A new paper by van Kaauwen and Van Duin aims to research the developments and innovations in urban freight transport. The paper focuses on the future and implications of robotization in this field. The developments in urban freight transport from a logistics service provider perspective are based on the constraints space, legitimacy and resources. Governments are slowly starting to focus more on the sustainability of urban freight. Though, the progress differs greatly between cities and between European countries. The current innovations in urban freight transport can be divided into five primary categories; transport models, methods, electric vehicles, drones and robotics. Of these five, robotics has the most potential to drastically change the transport field.
A combination of robotics with at least one of the other four categories remains possible. Robots can make urban freight movement more sustainable, safer, cheaper, faster and more satisfying for receivers. However, risks of robotics include the replacement of manpower, the lack of noise, additional congestion, and the discrepancy between technology, infrastructure, legislation and other road users.

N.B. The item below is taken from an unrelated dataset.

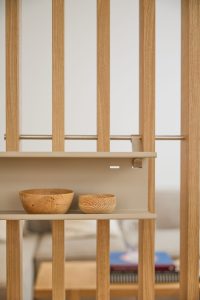 WoodUpp Raumteiler aus senkrechten Eichenlatten mit Edelstahlquerstange und beigefarbener Regalblende: an einer schmalen WoodUpp Ablage stehen zwei gedrechselte Holzschalen, eine größere und eine kleinere, mit sichtbarer Maserung und warmem Ton. Im Hintergrund unscharf Sofa und Bücher, klarer Fokus auf Holz und Ablage.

If robotics will be largely implemented, they will first be used for last mile delivery and package deliveries. The acceptance from receivers is pivotal here in order to make logistics service providers willing to apply robots. Governments can steer and stimulate the implementation by creating testing environments, the so-called living labs, and by establishing regulations.
The lack of data makes this a tough task for most governments. In order to create a greater market share for robotics, traffic safety must be ensured together with acceptance by all involved stakeholders. Thus, more research is needed on the acceptance of receivers and the necessary government regulations to stimulate the implementation of robotics.